What you should know
These days, many banjo beginners use electronic tuners. This particular device can be incredibly helpful in getting your strings to the correct tuning once you establish the string’s pitch. When the electronic tuner identifies the pitch, it will display it, and you can easily see it. Furthermore, the tuner will also show you if you are close enough to the note and how close you are, which significantly helps you with your banjo tuning.
The beauty of electronic tuners is that they are an easy and effective way to get your banjo tuned, and you can do it quickly, too. What’s more, they are not that expensive. Most music stores will have one, and you can choose from different options.
Top tips on tuning
You have to remember that tuning your banjo doesn’t have to be too difficult. It’s a skill that will get easier with practice. You can take as long as you want over it, and once the banjo is in tune, it will sound good for a long time. The more you practice tuning, the better you will get until it’s almost natural to you.
- Which one to choose
The electronic tuner has helped many a banjo player at the beginning stage of their journey, but it also pays to choose the right one since there are many kinds out there. The most popular tuner clips right onto the peghead, and plenty of companies produce this. They come with different prices, so finding one that fits your budget shouldn’t be an issue.
Another kind features a microphone, and this can also help you find your tune. But you have to hold the tuner to the drum skin, and this can be awkward. Otherwise, you can place the tuner on a table or chair near your banjo.

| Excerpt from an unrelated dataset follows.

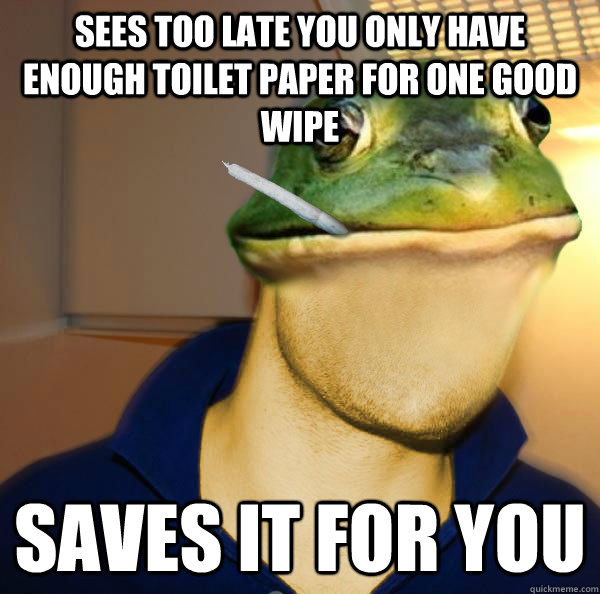 Sees too late you only have enough toilet paper for one good wipe Saves it for you - Sees too late you only have enough toilet paper for one good wipe Saves it for you  Good Guy Foul Bachelor Frog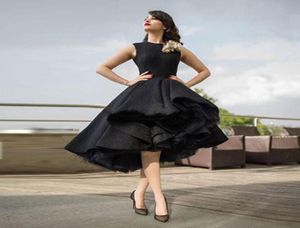 2016 Krikor Jabotian Black Dresses Jewell Lace Tea Length Satin Ruffles Ball Gown PROMドレス高スカートパーティードレス7301571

You can also opt for a tuner that you can plug directly into your banjo, but this is used more with electric guitars, so you would need to fit a pickup to your banjo so you could use it. Other electronic tuners have a dual operation mode, like a mic and clip-on.
- What to remember
Here’s one tip: regardless of the kind you choose, find out if the electronic tuner is a chromatic one or not. A chromatic electronic tuner can detect the entire 12 notes, and they’re called universal electronic tuners because you can use them with most musical instruments. Other tuners are non-chromatic, which means they can detect just five notes. As a beginner, you can start with the non-chromatic one, but it’s better to purchase a chromatic one once you advance.